Mitschuld auch bei Regierung

Diese Zustände würden dazu führen, dass solche Aussagen von der Öffentlichkeit kaum noch bemerkt werden. "Daher bemühe ich mich um einen Paradigmenwechsel in der Wahrnehmung dieser Dinge", so Muzicant. Dafür wäre nicht nur ein Umdenken der Medien nötig, für die schon vieles hoffähig und normal sei. Auch bei den Regierungsparteien würde vieles verharmlost, indem sie sich eine Zusammenarbeit mit der FPÖ offen ließen.

"Zusammenarbeit mit Innenministerium funktioniert"

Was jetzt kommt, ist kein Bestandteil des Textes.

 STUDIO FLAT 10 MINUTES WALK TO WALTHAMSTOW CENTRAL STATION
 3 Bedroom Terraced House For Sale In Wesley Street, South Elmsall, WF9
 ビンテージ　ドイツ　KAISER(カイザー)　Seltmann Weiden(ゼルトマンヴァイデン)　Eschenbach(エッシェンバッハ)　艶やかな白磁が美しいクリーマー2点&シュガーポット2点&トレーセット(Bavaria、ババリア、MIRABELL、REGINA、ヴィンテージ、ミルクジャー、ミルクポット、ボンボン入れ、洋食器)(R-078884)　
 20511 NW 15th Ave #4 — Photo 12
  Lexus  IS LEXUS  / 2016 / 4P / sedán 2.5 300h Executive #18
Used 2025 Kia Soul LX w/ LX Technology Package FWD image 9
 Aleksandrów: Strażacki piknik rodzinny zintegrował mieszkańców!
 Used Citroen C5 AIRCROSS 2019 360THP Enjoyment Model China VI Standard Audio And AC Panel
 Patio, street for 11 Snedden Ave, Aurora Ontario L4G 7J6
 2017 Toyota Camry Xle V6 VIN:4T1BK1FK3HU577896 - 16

Zum Umgang Österreichs mit rechtsextremem Terror im Vergleich zu Deutschland, sagt Muzicant aber: "Wir haben nicht den ganzen Zirkus, weil wir ein ordentliches Verbotsgesetz haben." Die Zusammenarbeit mit dem Innenministerium funktioniere hervorragend, Probleme gebe es aber mit der Justiz. Immer wieder würden Anzeigen im Zusammenhang mit Rechtsextremismus nicht mit der nötigen Konsequenz verfolgt. So liege etwa eine Anzeige des Dokumentationsarchivs des Österreichischen Widerstandes gegen die als rechtsextrem eingestufte Zeitschrift "Aula" seit einem Jahr bei der Staatsanwaltschaft. Die IKG strebe daher ein Gespräch mit Justizministerin Beatrix Karl an. "Es muss ein stärkeres politisches Interesse geben, dass etwas passiert", so Muzicant.

FPÖ wehrt sich gegen Vorwürfe

Die FPÖ will sich die Kritik nicht gefallen lassen. Mit seiner "dumpfen Anti-FPÖ-Propaganda" habe Muzicant "die Entwicklungen der vergangenen Jahre komplett verschlafen", kritisierte der freiheitliche Generalsekretär Harald Vilimsky in einer Aussendung die "gewohnt unqualifizierten Aussagen" des IKG-Präsidenten. Herbert Kickl sei "bewusst fehlinterpretiert" und "absichtlich missverstanden" worden. (mxd/APA, derStandard.at, 24.11.2011)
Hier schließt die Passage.